Hoops notebook: Wayde Sims producing inside and out in expanded role

By CODY WORSHAM | Tiger Rag Editor

When Wayde Sims was young, his friends would always force him left when they guarded him. It’s a common instruction to young defenders: push the attacker to his weaker hand.

Sims learned early to take what the defense gives him. So when he floats in one of his left-handed runners with the ease of a southpaw, it’s a common mistake for observers to assume that’s his dominant hand.

Instead, it’s the finely-crafted weak hand of a righty, honed through hours of Zen-like acceptance of his surroundings.

“They would always send me left,” he says. “I guess that’s how I got my left hand so nice.”

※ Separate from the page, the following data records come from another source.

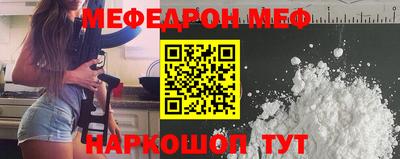 не бодяженный Нарткала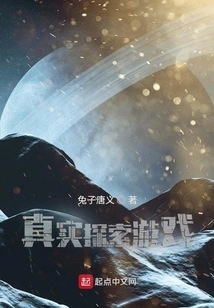 Real Exploration Game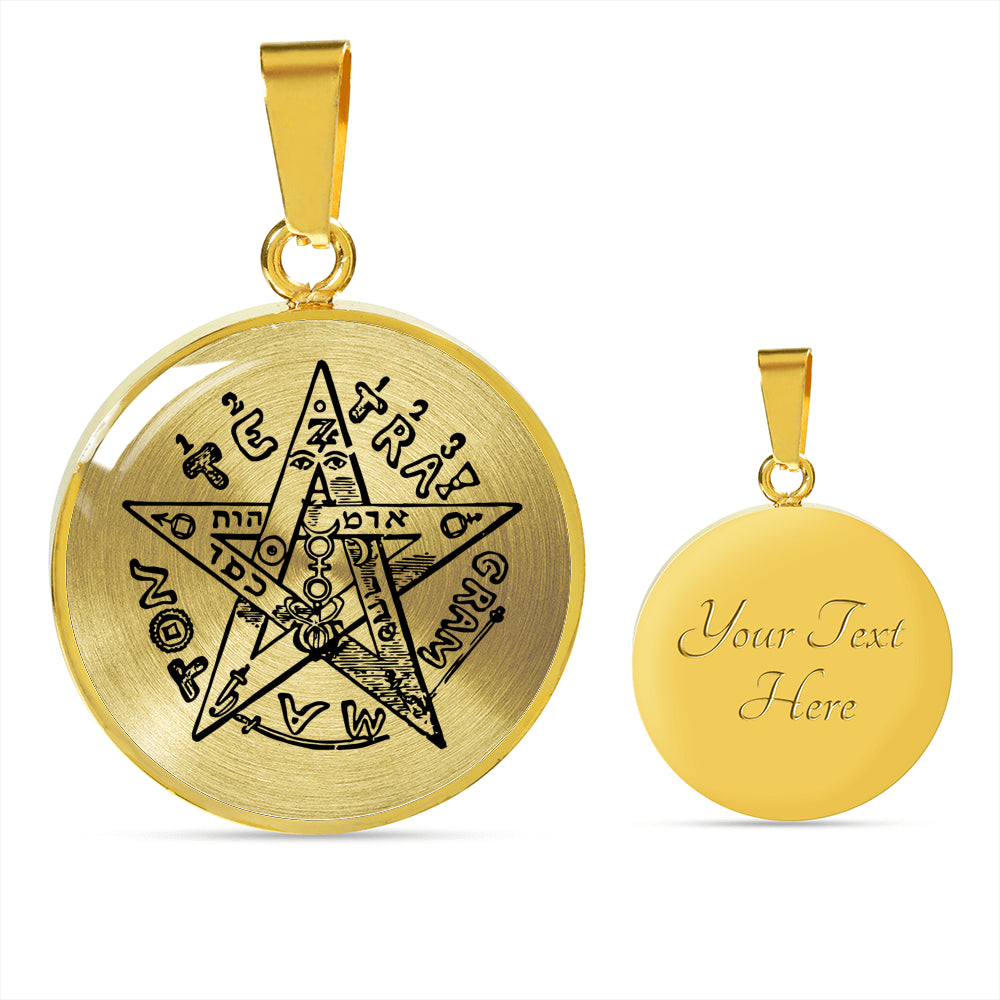 The Tetragrammaton Silver Luxury Necklace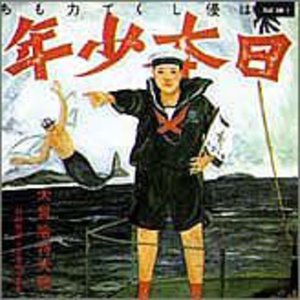 Cover for Akiko Yano · Nippon Syonen (Mini LP Sleeve) (CD) [Limited edition] (2002)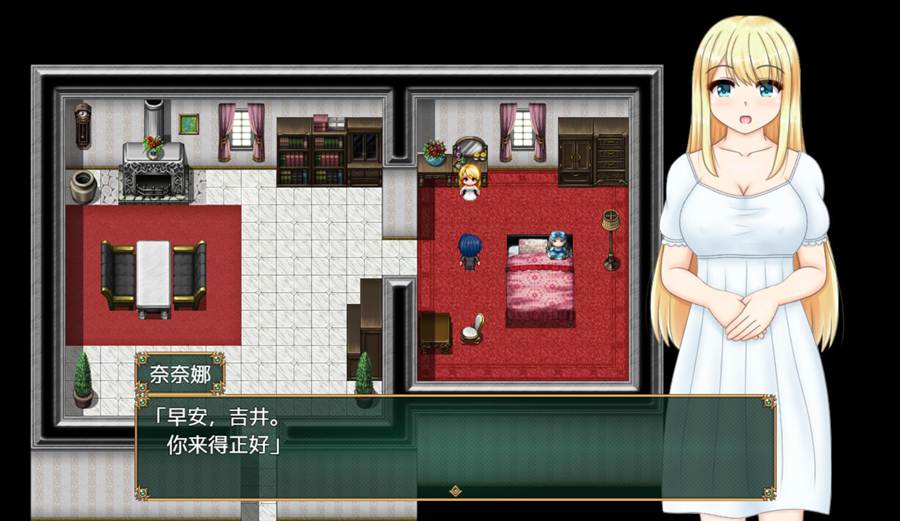 [RPG/电脑]箱中少女与小小旅行～AI翻中文版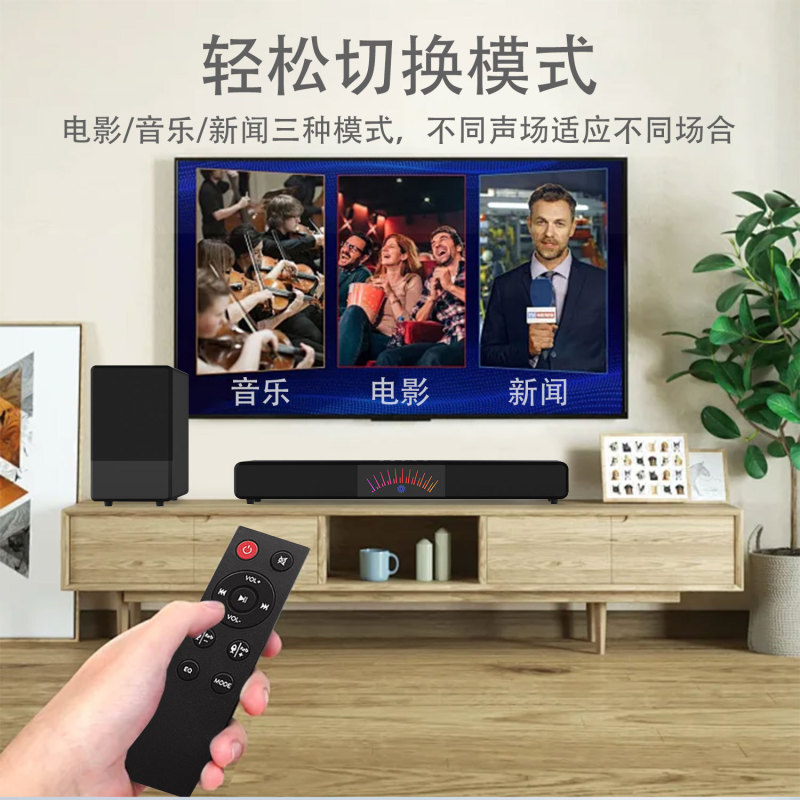 New Model Long Strip 2.1 Soundbar with Subwoofer for Tv, Computer, Home Theater, Bluetooth Speaker, Echo Wall, Karaoke Audio System New Model Long Strip 2.1 Soundbar with Subwoofer for Tv, Computer, Home Theater, Bluetooth Speaker, Echo Wall, Karaoke Audio System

Those lessons have proven critical in his young LSU career, particularly now as he and junior Aaron Epps bear the burden of manning the post in the absence of junior forward Craig Victor, dismissed from the team before the start of SEC play.

While Epps has earned the starts, it’s Sims who has stuffed the box scores off the bench. The freshman, a five-year starter for University High just across campus, enters Saturday’s 2:30 p.m. tipoff vs. Mississippi State (SEC Network) as the Tigers’ second-leading scorer (12.0) and leading rebounder (8.0) in SEC play, and he’s doing his damage as the first big subbed in the game.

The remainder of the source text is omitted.